O consumo das famílias no segundo trimestre deste ano teve uma retração de 4% em comparação com o primeiro trimestre, segundo divulgou ontem o IBGE. A diminuição é resultado do desemprego alto e das sucessivas quedas da renda do trabalhador.
Em relação ao segundo trimestre de 2002, a queda no consumo entre abril e junho foi de 7,1%. O que é recorde para o IBGE, que possui no seu banco de dados levantamentos sobre o assunto desde 1991.
Para especialistas em economia, psiquiatria e finanças pessoas, as consequências da retração no consumo geralmente são muito ruins. Há um aumento de depressões, o que leva muita gente a desistir de procurar emprego.
Por outro lado, existe uma busca por bens não-materiais, como o contato com amigos. O que pode trazer benefícios à sociabilidade das pessoas.

Depressões
O psiquiatra José Del-Fraro afirmou que 10% de seus pacientes atuais têm problemas com dívidas. Cerca de 3% possuem débitos acima de R$ 200 mil. "A busca por tratamento no meu consultório tem crescido muito, mas pouca gente possui condições de pagar os R$ 100 a R$ 150 que cobro por sessão", disse Del-Fraro.
Ele afirmou que o número de pessoas que buscam soluções mágicas para seus problemas, como ganhar nos bingos, cresceu muito. O que acaba em vício. Várias entidades de auxílio a essas pessoas têm sido abertas em diversas cidades do país.
O consumo de antidepressivos também cresceu. "Mas eles apenas reequilibram os neurotransmissores. Não representam a solução para os pacientes", disse Del-Fraro.
Segundo ele, muitas pessoas entram em depressão com as dificuldades econômicas porque a sociedade brasileira é capitalista e valoriza o sucesso profissional e a aquisição de bens.
"Quem não tem uma visão crítica do mundo que vive ou possui uma psique mais frágil tem maior propensão a entrar em depressão", afirmou Del-Fraro.

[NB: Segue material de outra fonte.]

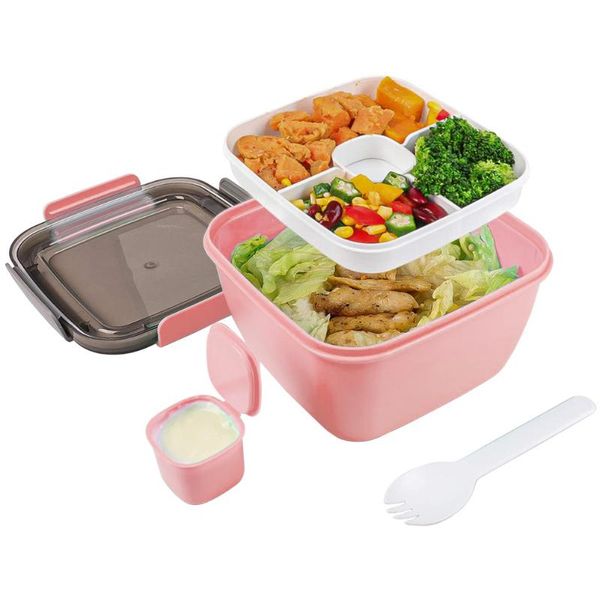 salad lunch container large bowl with removable 4-compartment bento-style tray and sauce #20 dinnerware sets
salad lunch container large bowl with removable 4-compartment bento-style tray and sauce #20 dinnerware sets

Para o economista Eduardo Giannetti da Fonseca, a redução na renda familiar leva inevitavelmente a conflitos familiares. "Os membros da família precisam decidir o que cortar nos gastos para se adequarem ao novo orçamento. O que leva a conflitos. Se não fizerem isso rápido, os conflitos serão piores, pois a família já estará endividada", disse Giannetti.
O economista afirmou, no entanto, que a falta de dinheiro pode levar também as pessoas a visitarem os amigos, em vez de jantarem fora. Ou procurarem passatempos gratuitos.

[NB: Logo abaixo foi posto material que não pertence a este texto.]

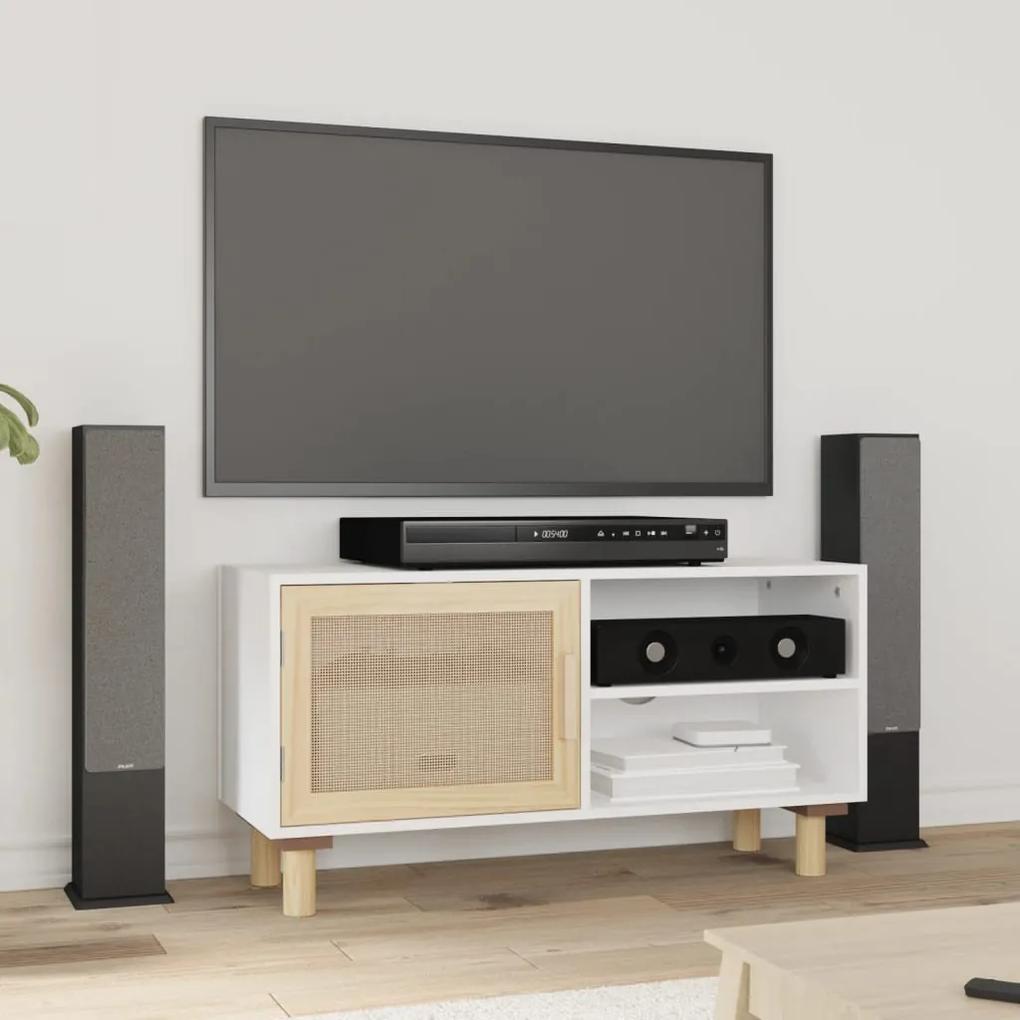 Comoda TV, alb, 80x30x40 cm, lemn masiv pin si ratan natural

"Esse é um lado positivo da crise", disse o economista. Na sua opinião, as pessoas podem ficar mais sociáveis e menos ligadas a bens materiais.
Para Erasmo Vieira, administrador de empresas e especialista em finanças pessoais, a retração econômica pode ter um efeito mais pesado nas pessoas pessimistas.
"Com as notícias ruins, os pessimistas tendem a desistir de procurar vagas. Os mais otimistas mantêm a rede de contatos e têm mais chances de arrumar um emprego", disse Vieira.
Segundo ele, o problema do endividamento começa a pesar na avaliação que as empresas fazem de candidatos para o preenchimento de vagas.
"As companhias começam a consultar cadastros de inadimplentes antes de contratar. O dono de uma empresa não quer um administrador que não soube cuidar das próprias contas pessoais", disse Vieira.

Contenção
Salvador Werneck, economista do Ipea (Instituto de Pesquisa Econômica Aplicada), afirma que a retração no consumo pode ser também um sinal de que as pessoas deixaram de comprar porque previam que as taxas de juros para financiamento iriam diminuir, como aconteceu de fato a partir de julho.
"É natural que no cenário de retração econômica as famílias fiquem mais precavidas. O consumo dos supérfluos certamente tem uma queda maior, já que a prioridade é a alimentação, o transporte e o vestuário", afirmou Werneck.
O economista Marcelo Neri, da FGV (Fundação Getúlio Vargas), concorda. "Se existe uma expectativa de queda dos juros, é melhor deixar o dinheiro aplicado do que se endividar no crediário."